Fix the existing RMS data corruption in 32-bit RMS and/or in the C
library, and get PostgreSQL available on OpenVMS soonest. I expect this
is the priority for VSI.

Everything else is aspirational.

Integrate stream file access support at the XQP and allow C and C++ and
other non-punched-card-style app designs and stream- and OO-focused
languages to optionally bypass RMS entirely.

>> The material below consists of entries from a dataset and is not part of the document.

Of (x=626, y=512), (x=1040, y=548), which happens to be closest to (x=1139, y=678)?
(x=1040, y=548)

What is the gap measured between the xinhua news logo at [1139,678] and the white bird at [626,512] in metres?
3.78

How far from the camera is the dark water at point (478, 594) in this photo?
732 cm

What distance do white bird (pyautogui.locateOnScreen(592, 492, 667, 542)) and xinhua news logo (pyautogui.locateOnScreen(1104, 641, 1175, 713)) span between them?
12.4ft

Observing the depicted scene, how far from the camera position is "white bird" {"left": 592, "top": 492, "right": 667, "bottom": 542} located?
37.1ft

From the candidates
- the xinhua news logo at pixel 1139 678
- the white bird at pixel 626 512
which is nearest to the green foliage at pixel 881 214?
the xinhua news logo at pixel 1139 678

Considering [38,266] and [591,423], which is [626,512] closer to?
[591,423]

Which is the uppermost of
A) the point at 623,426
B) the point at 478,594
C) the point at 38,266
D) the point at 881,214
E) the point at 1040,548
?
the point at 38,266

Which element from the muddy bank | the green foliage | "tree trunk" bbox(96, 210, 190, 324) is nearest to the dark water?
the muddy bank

Better integrate and document the existing range-locking support
available within DLM.

And in aggregate, stop trying to make the current 32-bit RMS NoSQL
database more complex than it already is, and re-architect such that
32-bit RMS NoSQL database becomes just another available database, and
preferably while providing room for 64-bit RMS rather than trying
another OpenVMS Alpha V7.0-style 32-/64-bit or FAB/RAB/RAB64/NAM/NAML
design, and make 32- or (hypothetical) 64-bit RMS not the sole
persistent-storage "funnel" for structured file access for apps running
on OpenVMS, short of those few using XQP or LOG_IO or PHY_IO. Existing
RMS apps are already headed for "fun" as part of the upcoming 64-bit
LBN work for VSI and for apps, and a whole lot of those apps just won't
make it past messes similar to apps still tied to ODS-2 naming. I'd
wager that most existing apps don't yet fully support ODS-5 naming,
UTF-8 and all, too. Similar app messes with latent 32-bit RMS
dependencies.
--
Pure Personal Opinion | HoffmanLabs LLC
Dave Froble
2021-10-07 17:16:03 UTC
Reply
Permalink
Post by Stephen Hoffman
Post by Greg Tinkler
My point is SSIO seems to be focused on just PostgreSQL, whereas an
RMS solution is much much easier to program, uses well tested code,
and is already cluster ready putting the team ahead of the game and
not building issues for the future.
...
Fix the existing RMS data corruption in 32-bit RMS and/or in the C
library, and get PostgreSQL available on OpenVMS soonest. I expect this
is the priority for VSI.
Most likely.
Post by Stephen Hoffman
Everything else is aspirational.
Integrate stream file access support at the XQP and allow C and C++ and
other non-punched-card-style app designs and stream- and OO-focused
languages to optionally bypass RMS entirely.
I don't use C, so I don't know much about it. But isn't this capability
already available? Even RMS has the BLOCK I/O capability, at least from
Basic.

As far as I know, QIO doesn't know a thing about RMS. Well, the
directory structure does know RMS, and to an extent is RMS.
Post by Stephen Hoffman
Better integrate and document the existing range-locking support
available within DLM.
Yes, for sure. And if needed, make it much better.
Post by Stephen Hoffman
And in aggregate, stop trying to make the current 32-bit RMS NoSQL
database more complex than it already is, and re-architect such that
32-bit RMS NoSQL database becomes just another available database, and
preferably while providing room for 64-bit RMS rather than trying
another OpenVMS Alpha V7.0-style 32-/64-bit or FAB/RAB/RAB64/NAM/NAML
design, and make 32- or (hypothetical) 64-bit RMS not the sole
persistent-storage "funnel" for structured file access for apps running
on OpenVMS, short of those few using XQP or LOG_IO or PHY_IO. Existing
RMS apps are already headed for "fun" as part of the upcoming 64-bit LBN
work for VSI and for apps, and a whole lot of those apps just won't make
it past messes similar to apps still tied to ODS-2 naming. I'd wager
that most existing apps don't yet fully support ODS-5 naming, UTF-8 and
all, too. Similar app messes with latent 32-bit RMS dependencies.
Oh, no, Steve. That is much too logical and reasonable. Can't have
that. We must insure that things stay totally screwed up.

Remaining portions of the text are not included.